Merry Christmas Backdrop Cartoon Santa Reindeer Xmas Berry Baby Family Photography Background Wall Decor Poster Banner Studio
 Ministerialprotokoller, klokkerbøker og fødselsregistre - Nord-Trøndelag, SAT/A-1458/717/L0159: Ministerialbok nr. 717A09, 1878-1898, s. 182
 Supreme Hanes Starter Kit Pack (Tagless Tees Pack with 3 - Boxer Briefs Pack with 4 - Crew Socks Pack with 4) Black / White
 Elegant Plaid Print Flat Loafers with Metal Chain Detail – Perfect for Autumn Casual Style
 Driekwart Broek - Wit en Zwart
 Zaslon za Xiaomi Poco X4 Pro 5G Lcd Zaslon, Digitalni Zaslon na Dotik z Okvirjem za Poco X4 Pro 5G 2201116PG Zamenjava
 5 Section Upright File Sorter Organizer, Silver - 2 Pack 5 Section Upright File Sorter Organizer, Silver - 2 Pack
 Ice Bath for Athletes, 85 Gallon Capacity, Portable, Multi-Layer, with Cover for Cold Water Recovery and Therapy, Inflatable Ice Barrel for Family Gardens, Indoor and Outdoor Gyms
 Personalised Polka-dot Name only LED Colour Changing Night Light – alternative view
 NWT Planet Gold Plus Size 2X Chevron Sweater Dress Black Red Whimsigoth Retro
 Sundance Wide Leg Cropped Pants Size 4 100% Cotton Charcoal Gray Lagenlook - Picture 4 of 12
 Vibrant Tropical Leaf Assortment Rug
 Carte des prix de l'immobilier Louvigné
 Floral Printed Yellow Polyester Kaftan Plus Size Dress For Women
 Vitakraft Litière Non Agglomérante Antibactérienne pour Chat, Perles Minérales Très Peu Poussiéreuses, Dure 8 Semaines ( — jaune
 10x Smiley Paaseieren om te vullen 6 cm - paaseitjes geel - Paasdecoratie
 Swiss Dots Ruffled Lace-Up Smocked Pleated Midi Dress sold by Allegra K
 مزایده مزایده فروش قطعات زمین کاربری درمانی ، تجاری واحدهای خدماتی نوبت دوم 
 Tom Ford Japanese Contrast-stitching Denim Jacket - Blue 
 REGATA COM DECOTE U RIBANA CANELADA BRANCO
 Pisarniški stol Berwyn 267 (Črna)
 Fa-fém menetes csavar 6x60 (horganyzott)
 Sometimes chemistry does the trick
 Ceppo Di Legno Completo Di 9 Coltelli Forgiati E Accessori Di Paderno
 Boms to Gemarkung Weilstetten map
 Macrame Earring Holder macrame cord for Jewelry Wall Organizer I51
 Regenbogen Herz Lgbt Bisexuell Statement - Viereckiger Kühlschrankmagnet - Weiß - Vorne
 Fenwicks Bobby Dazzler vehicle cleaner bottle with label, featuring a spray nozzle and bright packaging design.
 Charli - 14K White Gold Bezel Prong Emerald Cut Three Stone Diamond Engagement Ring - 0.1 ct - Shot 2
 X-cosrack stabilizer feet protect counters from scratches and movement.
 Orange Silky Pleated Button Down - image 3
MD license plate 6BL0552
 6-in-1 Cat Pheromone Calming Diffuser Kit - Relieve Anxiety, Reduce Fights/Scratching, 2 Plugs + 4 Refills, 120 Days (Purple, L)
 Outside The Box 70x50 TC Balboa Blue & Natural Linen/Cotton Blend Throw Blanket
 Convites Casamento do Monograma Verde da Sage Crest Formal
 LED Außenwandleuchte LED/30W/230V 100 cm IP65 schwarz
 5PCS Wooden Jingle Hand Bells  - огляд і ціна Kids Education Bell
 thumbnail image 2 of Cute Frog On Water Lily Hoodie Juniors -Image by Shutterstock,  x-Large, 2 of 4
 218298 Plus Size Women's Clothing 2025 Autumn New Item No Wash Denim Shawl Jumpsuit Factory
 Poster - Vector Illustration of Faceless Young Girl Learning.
....................
• AIM OF THE TASK:
For the entries above, give only the number of lines that contain the word "Dress".

• WRITTEN RESPONSE:
3